Da incitação cotidiana ao confronto, Bolsonaro passou para o silêncio e a costura paciente, nos bastidores, de sua base parlamentar. Foi o bastante para provocar o congelamento, e até a reversão, dos movimentos iniciais de convergência das oposições em torno da bandeira do impeachment.
Há uma premissa implícita no movimento da oposição: o afastamento, pelo menos temporário, da ameaça à democracia.
Neste caso, não seria absurdo responder à imobilidade aparente do governo com a paralisia real da oposição, especialmente no que toca aos seus movimentos de convergência e articulação. Afinal, podemos todos esperar por 2022 sem a necessidade de enfrentar o peso da cooperação com adversários históricos de embates recentes.

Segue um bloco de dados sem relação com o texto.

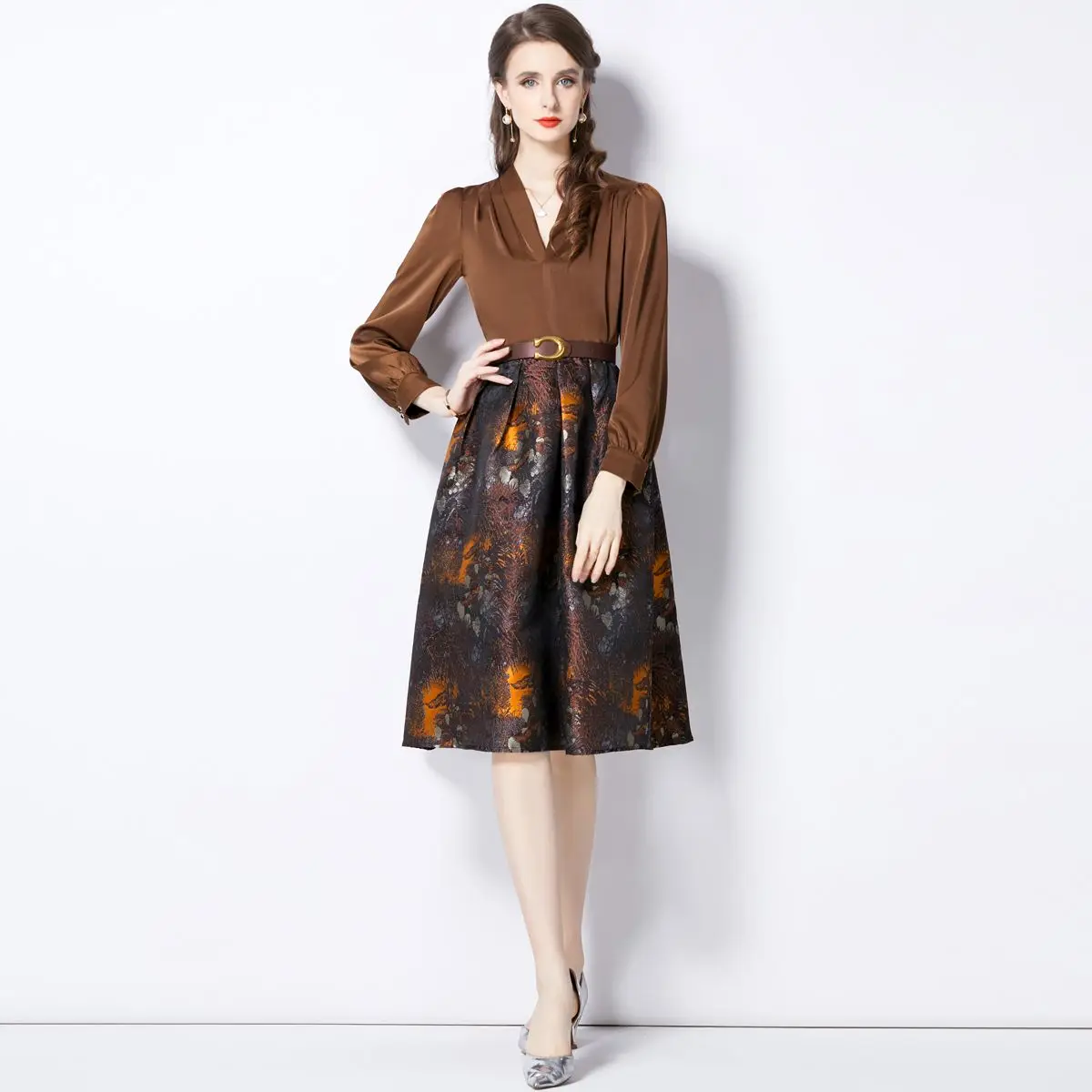 

Autumn Winter Fashion Runway Vintage Spliced Dress Women's V-Neck Long Sleeve High Street Flower Jacquard Dress with Belt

Infelizmente, as hipóteses de conversão ou capitulação do Presidente não são plausíveis. O governo não foi derrotado pelas instituições, nem domesticado por seus novos aliados. Sequer é possível pensar uma situação de trégua implícita entre as partes. Houve recuo, mas recuo tático; na metáfora militar, o governo passou, de forma repentina, da guerra de movimento para a guerra de posição.
Na nova situação, os objetivos do governo são claros. Blindagem no Congresso Nacional; influência na mudança no comando das duas Casas; eleição de prefeitos e vereadores aliados; e construção de um ambiente mais favorável no STF, também por meio da nomeação de novos Ministros. A regra é o fortalecimento contínuo da própria posição.
A oposição, em contraste, desarvorada com a redução brusca da tensão política, parece disposta até a renunciar, por comodidade, à única arma disponível no seu arsenal: a construção, lenta e difícil, de uma ampla frente em defesa da democracia, como se a serventia dessa frente se resumisse ao ataque final do processo de impeachment.
Claro está que não se trata da construção de uma frente eleitoral ou programática. Trata-se, sim, da urgência da cooperação em torno de uma estratégia comum para o segundo turno das eleições, a renovação das Mesas da Câmara e do Senado, o exame das indicações do Presidente para o Supremo e a construção de uma primeira linha de defesa da democracia, até no seio da base governista.
A alternativa é a oposição retórica. Na prática, a espera da marcha calendário, com todos os riscos associados à inação.